### What is required
With the images removed, transcribe the listing that follows exactly.

::: Information shown :::

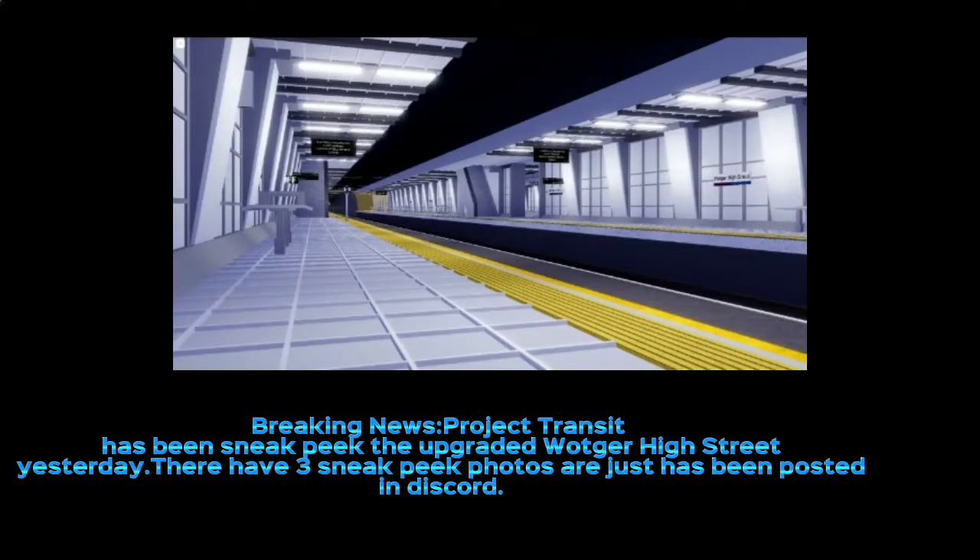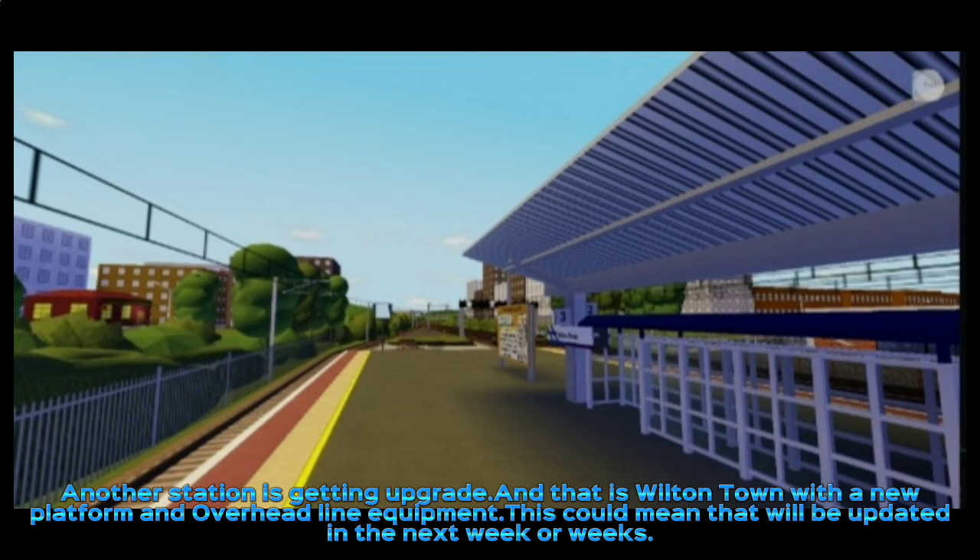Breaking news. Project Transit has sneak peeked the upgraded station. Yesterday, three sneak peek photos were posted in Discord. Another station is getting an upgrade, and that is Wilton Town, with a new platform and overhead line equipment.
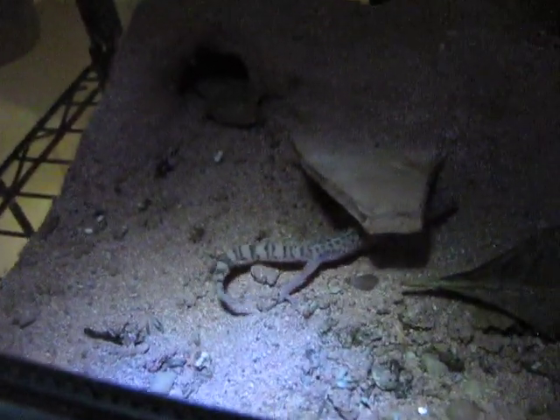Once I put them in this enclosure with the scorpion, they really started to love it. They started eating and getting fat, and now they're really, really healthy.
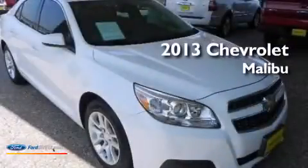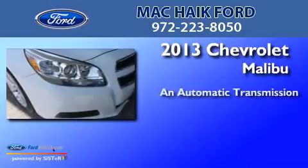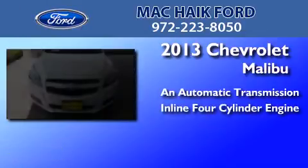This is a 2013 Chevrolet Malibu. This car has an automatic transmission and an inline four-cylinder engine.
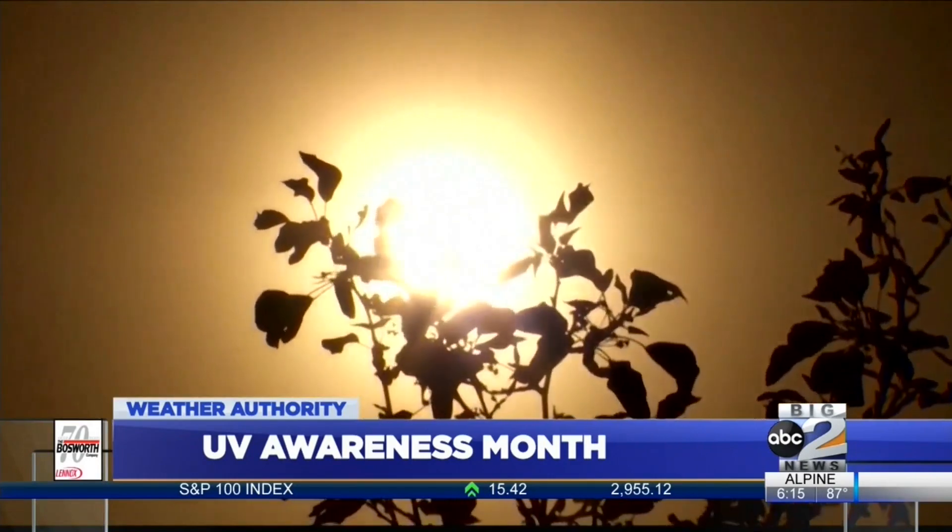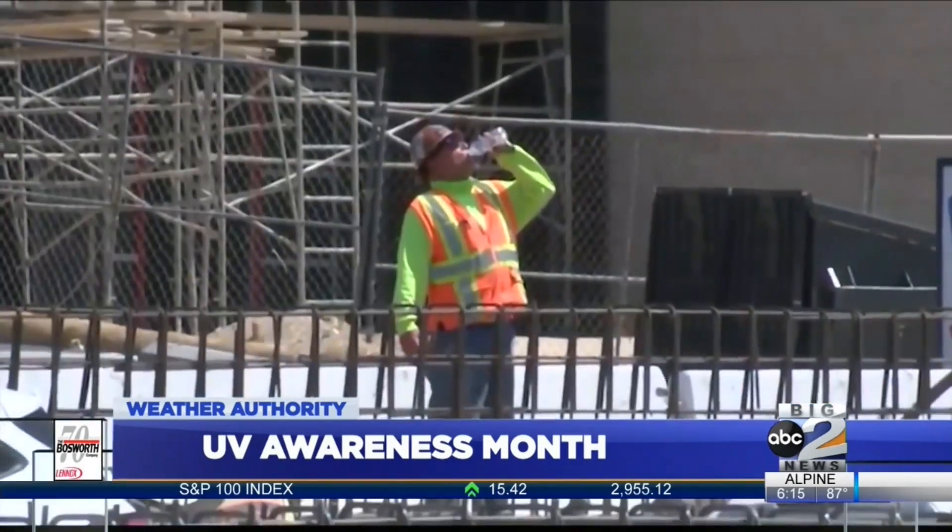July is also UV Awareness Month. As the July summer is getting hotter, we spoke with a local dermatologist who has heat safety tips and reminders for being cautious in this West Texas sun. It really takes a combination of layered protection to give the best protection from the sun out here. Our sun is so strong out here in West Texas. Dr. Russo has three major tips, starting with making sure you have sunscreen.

:::

### Answer to this problem
Breaking news. Project Transit has sneak peeked the upgraded station. Yesterday, three sneak peek photos were posted in Discord. Another station is getting an upgrade, and that is Wilton Town, with a new platform and overhead line equipment.
Once I put them in this enclosure with the scorpion, they really started to love it. They started eating and getting fat, and now they're really, really healthy.
This is a 2013 Chevrolet Malibu. This car has an automatic transmission and an inline four-cylinder engine.
July is also UV Awareness Month. As the July summer is getting hotter, we spoke with a local dermatologist who has heat safety tips and reminders for being cautious in this West Texas sun. It really takes a combination of layered protection to give the best protection from the sun out here. Our sun is so strong out here in West Texas. Dr. Russo has three major tips, starting with making sure you have sunscreen.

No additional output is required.